This is the first time that Kirk is missing for most of the episode.  Spock has no time to conduct a lengthy search when Kirk accidentally falls into a room beneath an obelisk and apparently, from Spock's point of view, disappears; he is forced to leave Kirk behind somewhere on the planet so that he can take the Enterprise to intercept an asteroid before it collides with the planet, killing all the natives--and Kirk.
Kirk, mercifully, has been hit by a memory beam and has no idea he's been left behind, no idea of the planet's impending doom--no idea, even, of his own identity.  But Spock knows all too well.  His sense of guilt over having to leave Kirk behind without finding him is compounded by burning out the ship's warp engines in a futile effort to get to and deflect the asteroid--alienating both Scott and McCoy with his actions.  As the ship limps back to the planet on impulse, Spock guilt deepens, and he refuses to eat or sleep for most of the two-month trip, disguising his withdrawal as his attempts to decode characters inscribed on the obelisk.
Since at no time during this period does he ever declare Spock dead, I'm inclined to believe Spock either considered it possible but refused to let himself believe or accept the possibility, or else he had some psychic awareness of Kirk's mental presence that let him know Kirk was not dead.  Since we know Kirk was alive for the duration of this episode, I lean toward the latter possibility.  At any rate, it certainly makes clear how important Kirk now is to him.

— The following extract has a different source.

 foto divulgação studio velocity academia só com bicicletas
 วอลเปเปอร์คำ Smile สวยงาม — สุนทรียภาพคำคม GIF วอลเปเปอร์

"And the Children Shall Lead":

"I've lost command…the ship is sailing on…I'm alone…!"
"I've got command…"
"Correct, Captain."
                --Kirk and Spock, overcoming Kirk's fear in the turbolift

Here's another episode that has to be mentioned for one scene, this one of Kirk and Spock in the turbolift.  Children controlled by an evil being called the Gorgan take control of the Enterprise by using secret fears of the crew against them.  Eventually, they get to Kirk through his secret fear--that of losing command.  Spock overcomes his own fear (whatever it is--the episode is rather vague on that) in time to realize Kirk's vulnerability and get him off the Bridge before the children can do any more damage to him.  He grabs Kirk by the arm and pulls him into the turbolift, initiating a scene during which Spock manages to talk Kirk out of his fear and make him understand that he still has command.  To me, it shows the degree of trust that exists between them, strong enough to reach Kirk, even through an irrational state.
However, because this process entails considerable physical contact, some slash fans think there's more to this scene than is shown on screen.  To which I respond: in the turbolift, between decks?  In the middle of a major crisis?  Give me a break.  Even if I believed that Kirk and Spock had sex with each other, I would never believe they would do it in that time and place, with the ship in danger and all Hell breaking loose around them.  Spock is responding to Kirk's need for reassurance, and Kirk clearly needs the physical contact for Spock to accomplish that--but that's really all there is to it.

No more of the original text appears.